Copy exactly. Include the line containing "Sticker Code WiFi", every line after it, and the last line below, but no pictures.

+===+

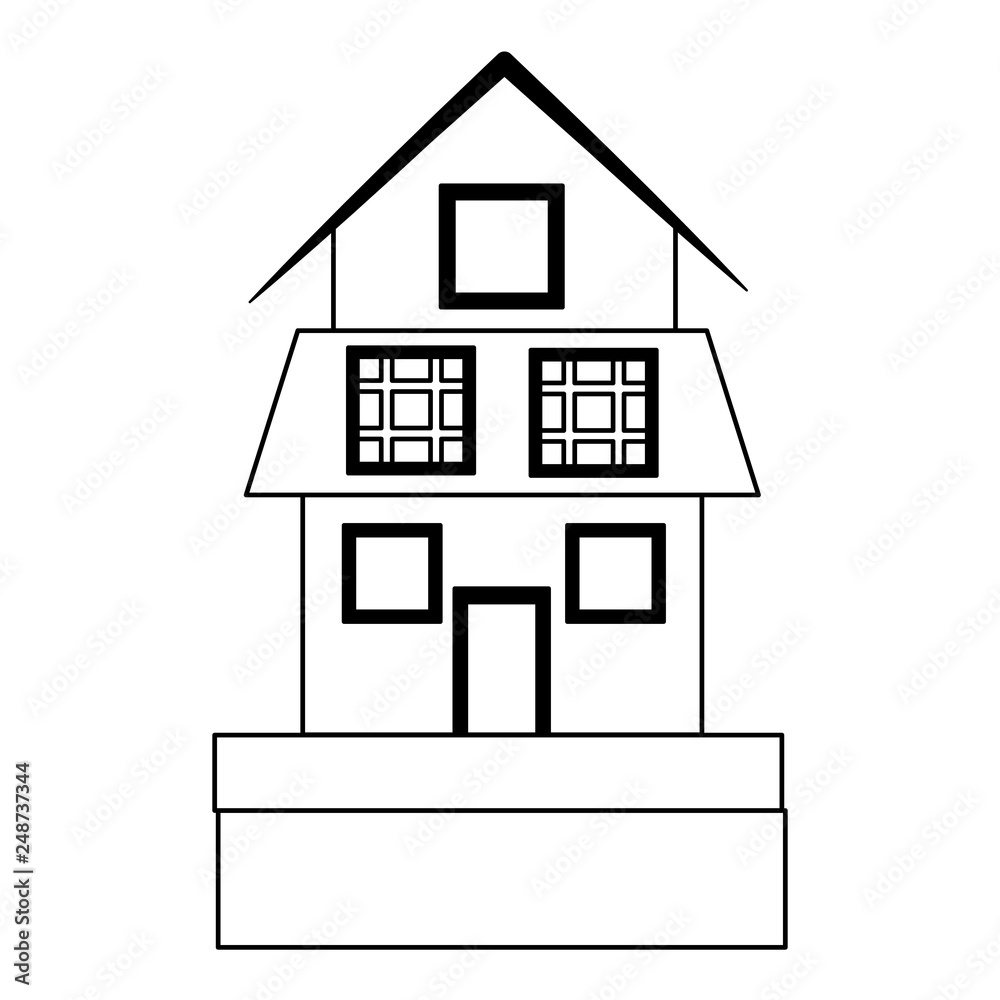 house with solar panels symbol black and white
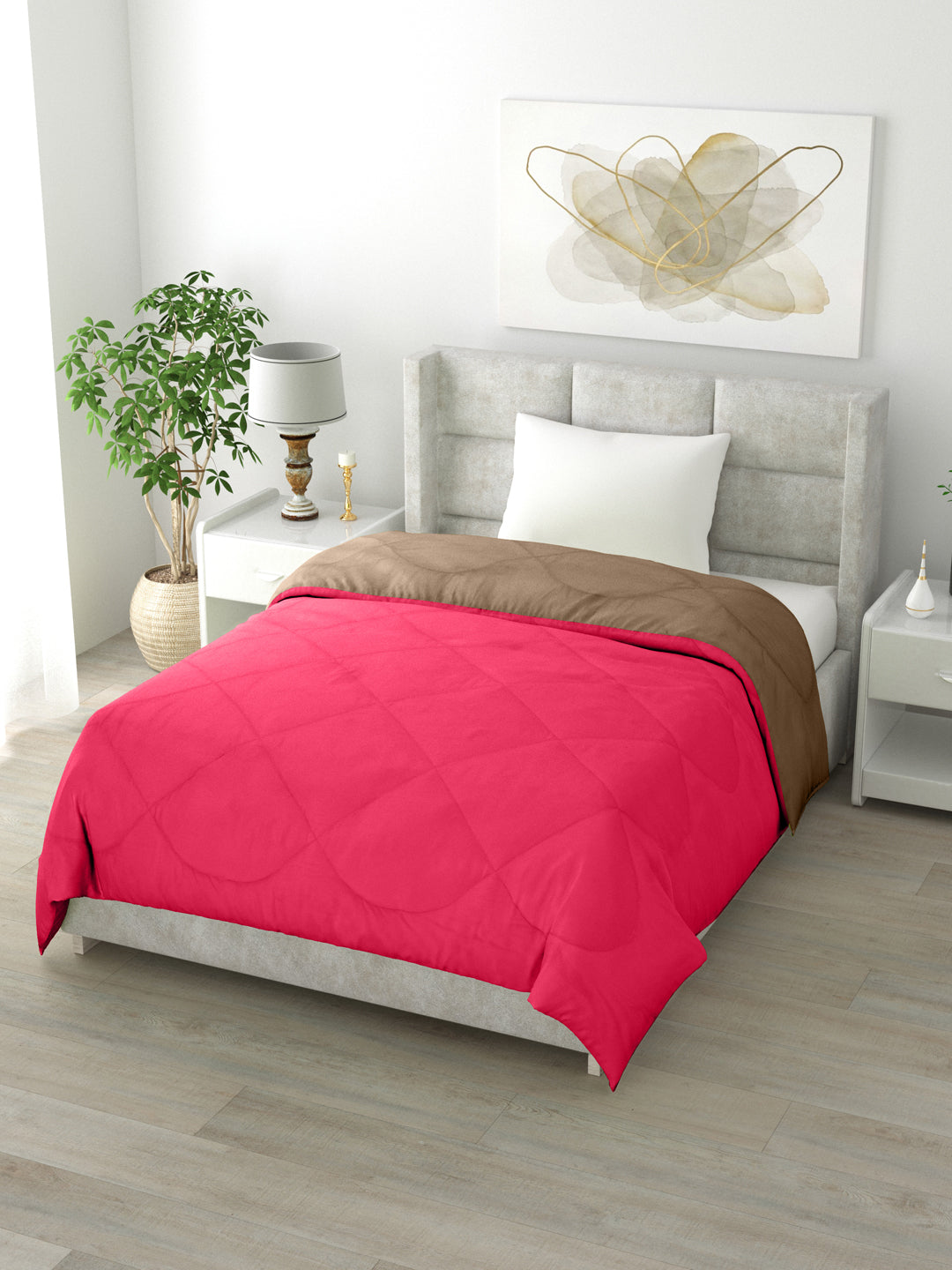 Reversible Single Bed Comforter 200 GSM 60x90 Inches (Taupe & Pink)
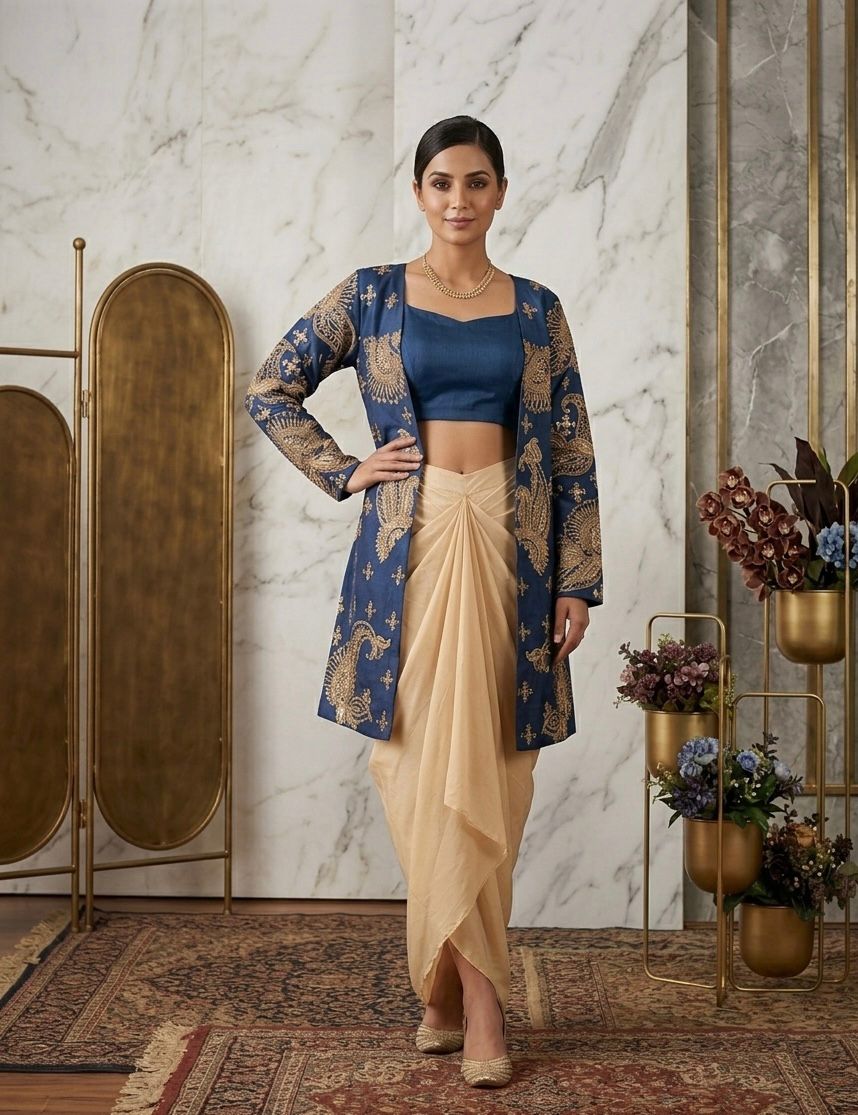 PERFECT FOR PARTY AND WEDDING OUR DESIGNER WEAR 3 PIECE KOTI-BLOUSE WITH SKIRT IN CORDING SEQUENCE EMBROIDERY ❤️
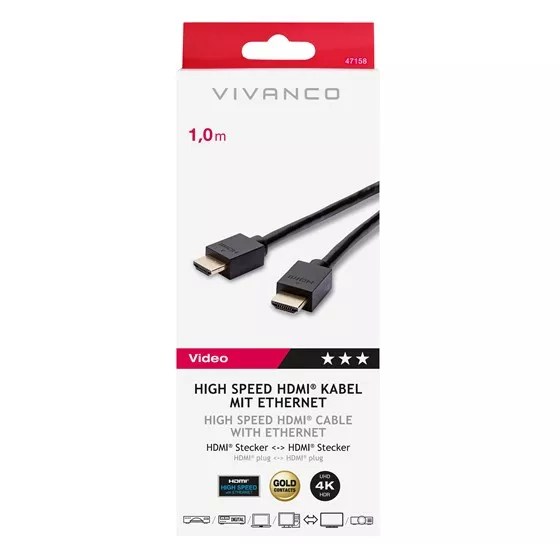 47158 Cable HDMI VIVANCO Video 3* 1.0m 2.0 4k - 47158 - 0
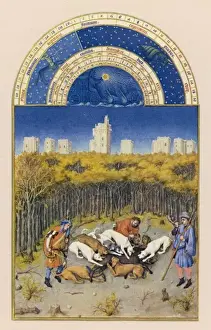 Historical European Art Prints: Berry / December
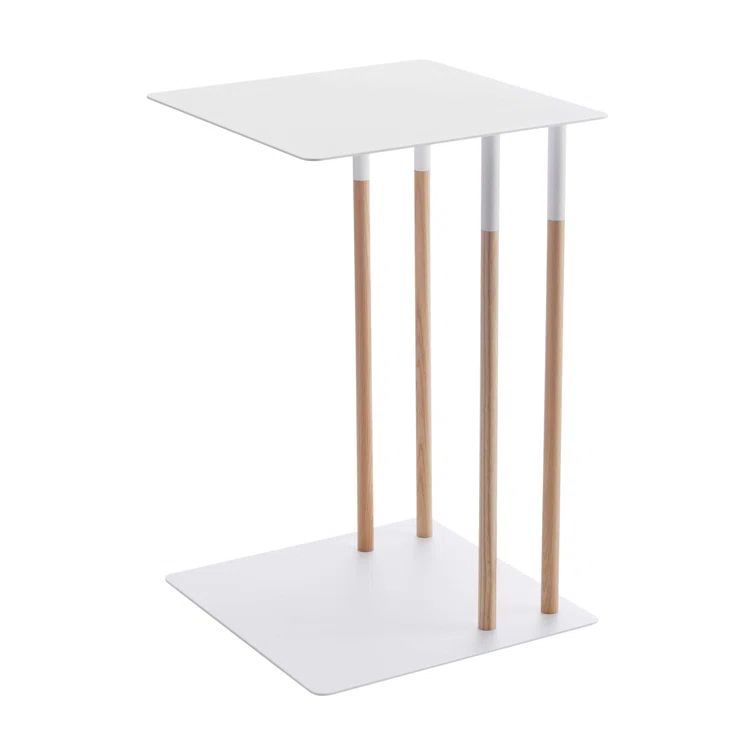 Sleek White Metal and Wood C-Shaped Sofa Side Table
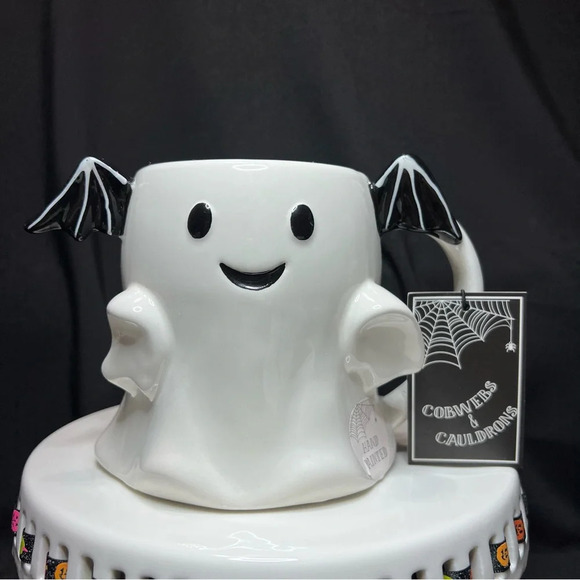 Cupcakes & Cashmere Halloween Black & White Ceramic Bat Coffee Mug - 22 FL. OZ - Picture 3 of 12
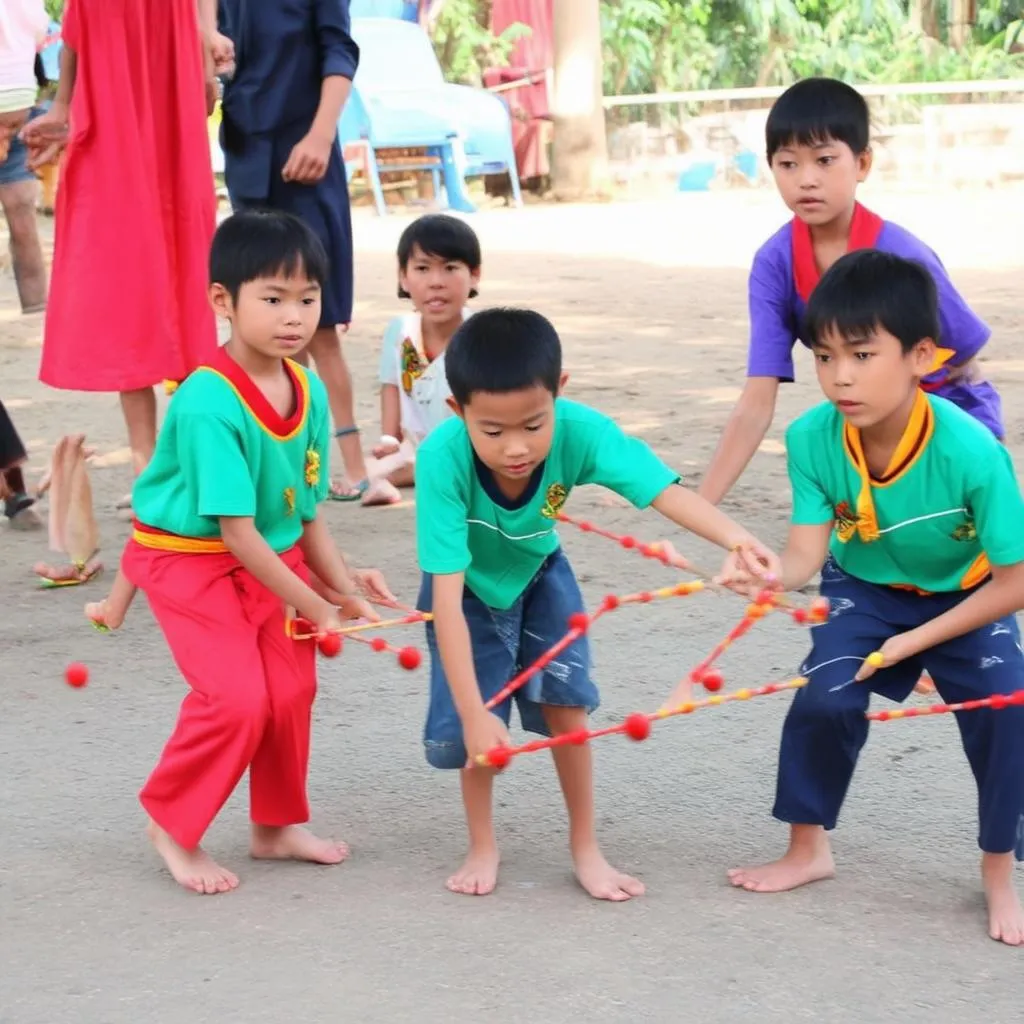 Trẻ em chơi ô ăn quan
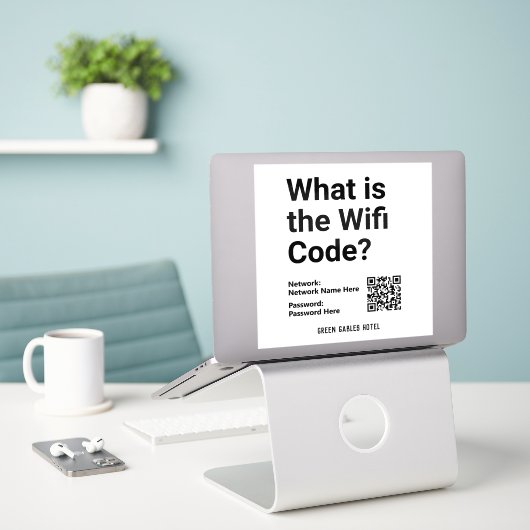 Sticker Code WiFi avec code QR sur un (Ordinateur portable sur le bureau)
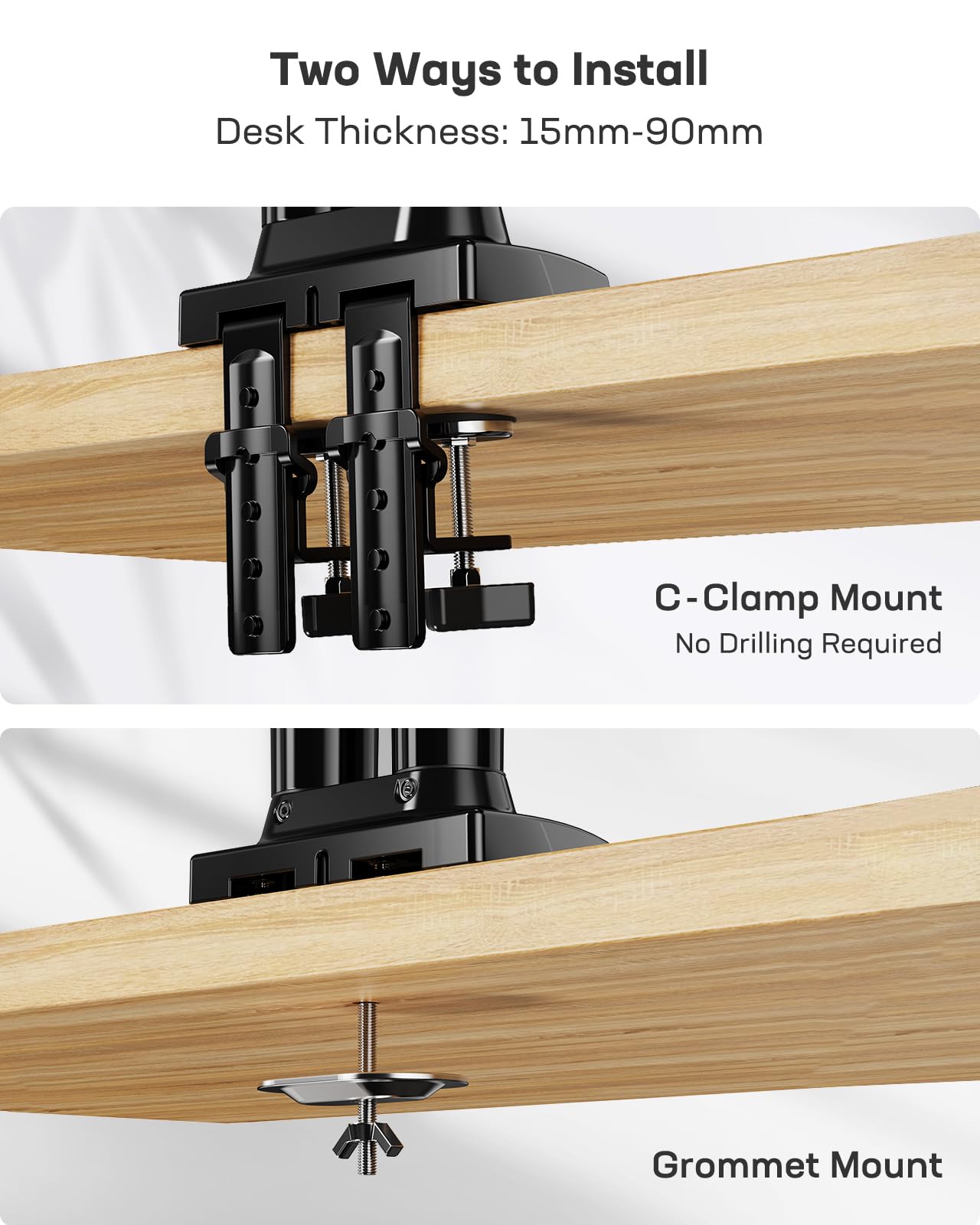 HUANUO Monitor Mount for 13 to 32 inch Screens, Dual Monitor Stand - 360° Rotation, 2 Mounting Options, VESA 75 & 100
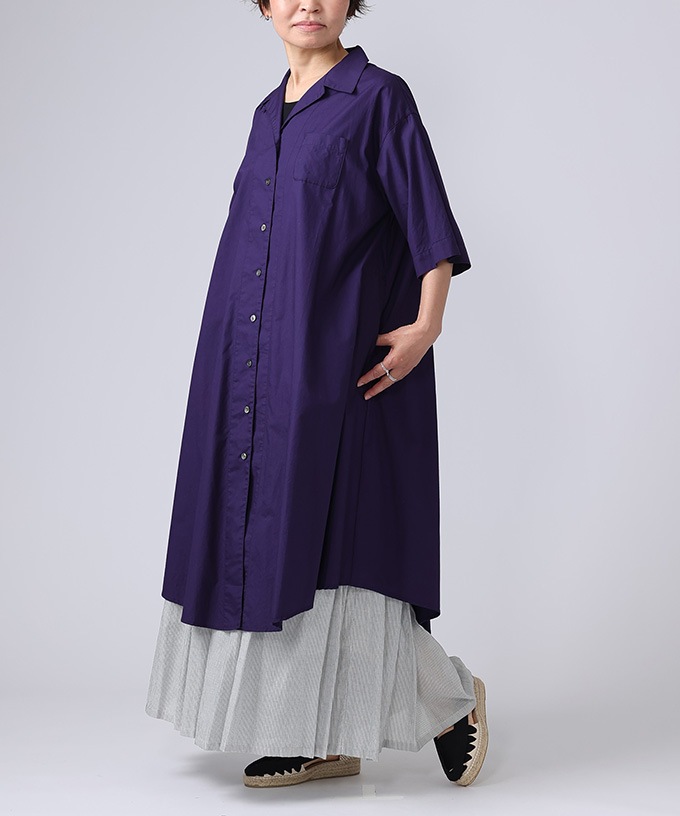 グレース　オープンカラーのロングシャツワンピ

+===+

Exercise output:
 Sticker Code WiFi avec code QR sur un (Ordinateur portable sur le bureau)
 HUANUO Monitor Mount for 13 to 32 inch Screens, Dual Monitor Stand - 360° Rotation, 2 Mounting Options, VESA 75 & 100
 グレース　オープンカラーのロングシャツワンピ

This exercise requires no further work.